The idea that gas may be scarce and expensive in future does not appear to have been considered by either Gaslink or the CER. Construct Ireland asked for an interview with Aidan O'Sullivan, Gaslink's general manager, to get his views on the future availability of gas and the effect this might have on his company's investment decisions. We were told that he was unavailable and Gaslink’s PR company issued a statement instead. This maintained that the present situation was sound: “In terms of security of supply, Ireland is well positioned with secure physical interconnection and contractual arrangements in place with the UK gas market. The UK has access to highly diverse sources of supply though its own indigenous production, Norwegian imports, physical interconnection with mainland Europe and access to worldwide markets through LNG facilities.”

Although the CER says its mission “in a world where energy supply and prices are highly volatile ... is to ensure that the lights stay on [and] the gas continues to flow” it sees no problems ahead either.
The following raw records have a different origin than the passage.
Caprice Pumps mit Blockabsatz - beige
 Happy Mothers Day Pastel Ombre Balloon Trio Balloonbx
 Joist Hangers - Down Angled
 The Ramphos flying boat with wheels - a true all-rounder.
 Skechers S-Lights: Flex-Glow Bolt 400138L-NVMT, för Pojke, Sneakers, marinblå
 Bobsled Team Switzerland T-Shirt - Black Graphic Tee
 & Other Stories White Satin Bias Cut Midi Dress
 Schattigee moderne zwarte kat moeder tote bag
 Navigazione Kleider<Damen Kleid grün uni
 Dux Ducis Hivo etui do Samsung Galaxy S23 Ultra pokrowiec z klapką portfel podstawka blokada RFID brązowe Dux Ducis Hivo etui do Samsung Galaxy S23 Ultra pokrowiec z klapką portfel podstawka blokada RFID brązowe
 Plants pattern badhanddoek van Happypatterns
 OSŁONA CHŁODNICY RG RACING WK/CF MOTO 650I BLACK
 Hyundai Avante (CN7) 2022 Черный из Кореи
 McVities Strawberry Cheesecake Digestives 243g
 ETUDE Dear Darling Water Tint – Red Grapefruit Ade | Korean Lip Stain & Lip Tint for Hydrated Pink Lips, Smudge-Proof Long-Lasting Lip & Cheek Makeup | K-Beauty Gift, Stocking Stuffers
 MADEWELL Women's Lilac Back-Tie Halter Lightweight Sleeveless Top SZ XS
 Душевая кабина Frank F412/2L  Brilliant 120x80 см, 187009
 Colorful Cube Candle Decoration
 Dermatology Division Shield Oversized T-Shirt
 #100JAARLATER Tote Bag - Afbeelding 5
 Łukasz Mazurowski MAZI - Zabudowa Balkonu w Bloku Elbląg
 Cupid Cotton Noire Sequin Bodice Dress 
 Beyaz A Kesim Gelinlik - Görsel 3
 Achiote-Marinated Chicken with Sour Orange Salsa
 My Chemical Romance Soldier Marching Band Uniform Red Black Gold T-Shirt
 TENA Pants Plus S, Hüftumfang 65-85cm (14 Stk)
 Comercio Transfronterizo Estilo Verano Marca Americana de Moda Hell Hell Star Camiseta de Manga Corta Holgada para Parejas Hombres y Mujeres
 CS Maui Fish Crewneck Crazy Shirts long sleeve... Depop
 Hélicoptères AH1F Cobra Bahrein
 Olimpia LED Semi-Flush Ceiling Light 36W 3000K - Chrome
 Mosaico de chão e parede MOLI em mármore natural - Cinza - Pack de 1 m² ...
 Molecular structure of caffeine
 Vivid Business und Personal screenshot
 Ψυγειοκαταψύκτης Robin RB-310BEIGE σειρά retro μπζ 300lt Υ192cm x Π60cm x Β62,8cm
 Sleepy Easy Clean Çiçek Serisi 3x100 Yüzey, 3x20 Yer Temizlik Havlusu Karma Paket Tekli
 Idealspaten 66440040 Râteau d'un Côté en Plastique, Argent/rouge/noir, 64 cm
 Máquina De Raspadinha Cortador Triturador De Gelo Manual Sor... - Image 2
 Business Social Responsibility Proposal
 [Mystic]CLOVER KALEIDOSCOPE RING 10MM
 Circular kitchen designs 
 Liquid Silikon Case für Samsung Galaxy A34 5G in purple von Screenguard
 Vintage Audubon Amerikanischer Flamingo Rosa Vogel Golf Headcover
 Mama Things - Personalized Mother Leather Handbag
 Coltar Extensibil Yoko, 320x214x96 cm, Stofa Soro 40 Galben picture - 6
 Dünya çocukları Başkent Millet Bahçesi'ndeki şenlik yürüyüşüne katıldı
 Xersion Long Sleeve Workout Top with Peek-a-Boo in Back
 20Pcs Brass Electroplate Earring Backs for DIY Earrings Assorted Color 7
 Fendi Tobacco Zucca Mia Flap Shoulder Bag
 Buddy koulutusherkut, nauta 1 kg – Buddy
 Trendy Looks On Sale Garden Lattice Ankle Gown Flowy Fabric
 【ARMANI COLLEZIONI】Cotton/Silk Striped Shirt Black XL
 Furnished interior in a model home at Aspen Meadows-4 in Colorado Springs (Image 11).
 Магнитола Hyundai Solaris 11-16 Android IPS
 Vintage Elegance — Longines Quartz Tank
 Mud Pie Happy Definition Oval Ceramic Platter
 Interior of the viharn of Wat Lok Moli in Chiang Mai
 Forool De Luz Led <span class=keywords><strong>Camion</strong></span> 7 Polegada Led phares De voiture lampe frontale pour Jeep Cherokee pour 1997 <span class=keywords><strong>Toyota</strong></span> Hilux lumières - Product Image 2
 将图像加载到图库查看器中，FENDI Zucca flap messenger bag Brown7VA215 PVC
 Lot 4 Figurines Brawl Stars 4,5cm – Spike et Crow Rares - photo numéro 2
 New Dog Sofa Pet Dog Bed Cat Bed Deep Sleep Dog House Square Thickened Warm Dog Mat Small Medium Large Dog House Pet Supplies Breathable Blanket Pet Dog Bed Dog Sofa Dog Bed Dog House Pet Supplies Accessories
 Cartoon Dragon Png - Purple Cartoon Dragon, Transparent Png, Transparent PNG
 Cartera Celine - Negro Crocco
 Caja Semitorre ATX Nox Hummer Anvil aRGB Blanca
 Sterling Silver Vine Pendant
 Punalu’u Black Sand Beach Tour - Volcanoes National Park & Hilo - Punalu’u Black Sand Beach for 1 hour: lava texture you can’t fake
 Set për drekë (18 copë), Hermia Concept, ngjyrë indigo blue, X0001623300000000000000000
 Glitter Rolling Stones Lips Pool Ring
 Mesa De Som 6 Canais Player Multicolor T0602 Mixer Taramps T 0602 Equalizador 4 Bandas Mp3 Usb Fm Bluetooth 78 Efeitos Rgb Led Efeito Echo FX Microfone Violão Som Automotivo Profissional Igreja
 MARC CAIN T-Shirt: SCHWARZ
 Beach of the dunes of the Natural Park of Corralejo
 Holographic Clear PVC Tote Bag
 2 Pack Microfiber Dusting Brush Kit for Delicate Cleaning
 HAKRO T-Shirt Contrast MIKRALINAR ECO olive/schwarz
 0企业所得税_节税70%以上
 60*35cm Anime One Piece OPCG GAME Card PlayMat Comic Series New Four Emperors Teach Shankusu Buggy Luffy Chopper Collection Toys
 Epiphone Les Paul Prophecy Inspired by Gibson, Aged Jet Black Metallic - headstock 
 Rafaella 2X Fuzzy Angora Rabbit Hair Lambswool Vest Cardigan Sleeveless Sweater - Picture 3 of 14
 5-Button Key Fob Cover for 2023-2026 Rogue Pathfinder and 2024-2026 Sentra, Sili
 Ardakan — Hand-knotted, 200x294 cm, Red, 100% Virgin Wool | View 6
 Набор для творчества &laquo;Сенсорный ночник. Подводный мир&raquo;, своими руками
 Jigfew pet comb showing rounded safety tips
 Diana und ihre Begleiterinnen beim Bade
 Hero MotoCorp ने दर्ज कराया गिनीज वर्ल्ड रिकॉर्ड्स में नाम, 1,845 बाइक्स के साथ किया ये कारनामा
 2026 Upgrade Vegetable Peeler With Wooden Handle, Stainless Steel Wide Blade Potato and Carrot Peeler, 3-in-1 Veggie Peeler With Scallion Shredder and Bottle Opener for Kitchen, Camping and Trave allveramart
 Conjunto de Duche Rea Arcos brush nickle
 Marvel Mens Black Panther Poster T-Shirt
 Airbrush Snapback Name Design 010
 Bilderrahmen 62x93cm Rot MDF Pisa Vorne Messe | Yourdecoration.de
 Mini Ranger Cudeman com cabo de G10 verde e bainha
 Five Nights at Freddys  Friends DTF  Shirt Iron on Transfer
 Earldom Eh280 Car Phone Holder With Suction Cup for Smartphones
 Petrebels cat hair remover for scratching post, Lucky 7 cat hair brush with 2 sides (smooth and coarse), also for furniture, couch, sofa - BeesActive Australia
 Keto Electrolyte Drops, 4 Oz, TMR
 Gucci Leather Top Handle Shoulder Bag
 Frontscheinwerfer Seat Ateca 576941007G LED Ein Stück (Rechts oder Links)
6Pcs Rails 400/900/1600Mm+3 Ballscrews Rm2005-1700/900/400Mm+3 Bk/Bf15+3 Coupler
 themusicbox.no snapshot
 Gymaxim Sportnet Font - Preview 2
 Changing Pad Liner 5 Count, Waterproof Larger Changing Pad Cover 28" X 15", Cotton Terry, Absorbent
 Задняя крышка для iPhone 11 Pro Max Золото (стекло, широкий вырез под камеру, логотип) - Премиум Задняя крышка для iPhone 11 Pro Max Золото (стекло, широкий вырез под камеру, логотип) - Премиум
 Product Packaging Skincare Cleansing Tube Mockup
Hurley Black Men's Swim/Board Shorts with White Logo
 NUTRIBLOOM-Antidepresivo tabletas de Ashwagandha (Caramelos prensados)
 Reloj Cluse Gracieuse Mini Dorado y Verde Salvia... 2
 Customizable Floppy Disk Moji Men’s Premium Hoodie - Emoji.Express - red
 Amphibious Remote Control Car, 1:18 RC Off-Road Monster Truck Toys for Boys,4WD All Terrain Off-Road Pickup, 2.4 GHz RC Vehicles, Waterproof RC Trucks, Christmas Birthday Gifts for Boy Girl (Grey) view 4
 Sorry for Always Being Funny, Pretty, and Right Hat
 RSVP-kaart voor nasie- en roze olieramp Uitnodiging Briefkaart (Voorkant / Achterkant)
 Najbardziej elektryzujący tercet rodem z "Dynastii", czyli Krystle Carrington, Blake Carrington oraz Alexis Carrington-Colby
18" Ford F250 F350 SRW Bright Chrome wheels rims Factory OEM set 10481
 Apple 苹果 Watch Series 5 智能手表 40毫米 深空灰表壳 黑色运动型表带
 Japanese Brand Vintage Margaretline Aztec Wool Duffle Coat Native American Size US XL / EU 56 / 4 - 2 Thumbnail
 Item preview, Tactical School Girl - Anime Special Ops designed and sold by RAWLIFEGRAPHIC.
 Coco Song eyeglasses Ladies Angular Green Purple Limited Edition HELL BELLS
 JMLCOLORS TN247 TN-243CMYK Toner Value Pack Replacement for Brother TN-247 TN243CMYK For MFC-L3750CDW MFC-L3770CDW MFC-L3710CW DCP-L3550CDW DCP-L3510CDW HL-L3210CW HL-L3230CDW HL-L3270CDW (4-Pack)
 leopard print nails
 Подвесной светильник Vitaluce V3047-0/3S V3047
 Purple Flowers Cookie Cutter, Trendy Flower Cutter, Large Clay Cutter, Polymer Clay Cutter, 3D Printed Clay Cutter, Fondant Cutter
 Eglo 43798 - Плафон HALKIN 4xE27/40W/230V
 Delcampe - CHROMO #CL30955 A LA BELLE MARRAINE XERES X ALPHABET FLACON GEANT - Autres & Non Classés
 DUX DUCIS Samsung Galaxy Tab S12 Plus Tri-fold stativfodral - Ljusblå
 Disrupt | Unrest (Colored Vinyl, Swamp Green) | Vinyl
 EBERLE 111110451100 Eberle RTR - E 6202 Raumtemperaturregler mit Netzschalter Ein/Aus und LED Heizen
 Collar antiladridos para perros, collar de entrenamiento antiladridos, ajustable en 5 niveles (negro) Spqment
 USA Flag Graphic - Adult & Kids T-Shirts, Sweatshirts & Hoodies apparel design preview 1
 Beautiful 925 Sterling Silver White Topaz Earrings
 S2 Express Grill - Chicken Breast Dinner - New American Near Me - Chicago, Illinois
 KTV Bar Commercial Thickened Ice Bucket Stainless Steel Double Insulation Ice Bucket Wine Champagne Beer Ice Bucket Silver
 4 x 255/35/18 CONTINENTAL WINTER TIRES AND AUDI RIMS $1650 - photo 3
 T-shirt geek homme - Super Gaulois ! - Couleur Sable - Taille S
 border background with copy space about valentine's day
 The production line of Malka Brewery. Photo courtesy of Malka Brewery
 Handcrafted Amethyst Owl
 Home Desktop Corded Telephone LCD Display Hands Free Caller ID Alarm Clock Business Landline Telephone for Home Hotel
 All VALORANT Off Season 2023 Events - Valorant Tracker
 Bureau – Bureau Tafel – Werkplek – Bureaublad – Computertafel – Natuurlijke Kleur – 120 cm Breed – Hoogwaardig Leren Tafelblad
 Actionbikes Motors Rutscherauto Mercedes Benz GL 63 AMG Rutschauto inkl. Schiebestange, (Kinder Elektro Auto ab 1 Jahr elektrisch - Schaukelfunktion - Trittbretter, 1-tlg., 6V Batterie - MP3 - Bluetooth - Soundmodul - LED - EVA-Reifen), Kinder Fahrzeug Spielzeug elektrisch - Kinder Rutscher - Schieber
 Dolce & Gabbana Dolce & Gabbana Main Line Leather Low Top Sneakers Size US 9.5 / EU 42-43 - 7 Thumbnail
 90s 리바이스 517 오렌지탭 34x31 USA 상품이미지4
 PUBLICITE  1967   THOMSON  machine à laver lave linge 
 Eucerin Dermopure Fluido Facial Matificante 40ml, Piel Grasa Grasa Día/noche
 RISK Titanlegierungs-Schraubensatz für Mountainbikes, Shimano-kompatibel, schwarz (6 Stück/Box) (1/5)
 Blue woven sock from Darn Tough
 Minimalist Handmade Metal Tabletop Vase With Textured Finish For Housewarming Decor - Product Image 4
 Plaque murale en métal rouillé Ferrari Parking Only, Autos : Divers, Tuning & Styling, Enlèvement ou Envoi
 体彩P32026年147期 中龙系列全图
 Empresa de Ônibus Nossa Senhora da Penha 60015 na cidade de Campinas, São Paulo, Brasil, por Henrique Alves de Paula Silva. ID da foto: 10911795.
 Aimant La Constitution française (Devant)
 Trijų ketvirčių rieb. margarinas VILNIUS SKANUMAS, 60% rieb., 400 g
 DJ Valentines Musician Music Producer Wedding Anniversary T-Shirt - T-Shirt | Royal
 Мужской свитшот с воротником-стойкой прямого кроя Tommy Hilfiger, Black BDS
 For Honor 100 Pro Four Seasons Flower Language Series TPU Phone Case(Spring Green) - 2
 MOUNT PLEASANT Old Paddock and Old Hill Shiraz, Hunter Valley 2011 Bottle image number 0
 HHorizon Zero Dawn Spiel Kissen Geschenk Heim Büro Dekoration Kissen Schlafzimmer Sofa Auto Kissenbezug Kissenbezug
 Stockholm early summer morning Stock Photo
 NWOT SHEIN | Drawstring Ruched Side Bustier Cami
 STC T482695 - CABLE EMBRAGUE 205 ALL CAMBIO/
Its annual Gas Capacity Statement (GCS), issued this July, looks forward 20 years and states “Overall, the longer term prospects for security of supply appear to be relatively positive, particularly compared to previous years.” It does not mention the price at which gas might be available during this period.

As a result, it projects gas demand rising over the next seven years on a business-as-usual basis and assumes that this demand can be met. This cornucopian supply assumption means that the CER has no reason to refuse Gaslink consent for the continued expansion of the grid, or Sean Quinn and others for power stations which increase Irish gas use. Yet the only basis on which either type of consent makes sense is if there is far more gas off the Irish coast than we've been led to believe, a possibility the GCS mentions but says is not taken into account in its projections.

We all know that today's problems in the construction industry and the banking sector arose because the financial regulator failed to call a timely halt to the expansion of property-based lending. The energy regulator is making the same mistake in failing to call a halt to the expanding use of gas and the consequences could be equally serious. Indeed, people could die. The only person capable of freeing Gaslink and the CER from their expansion-as-usual thinking is the minister himself. Eamon Ryan organised meetings to discuss peak oil long before the idea became popular. It's now time for him to start talking to the state bodies for which he's responsible about peak gas, too.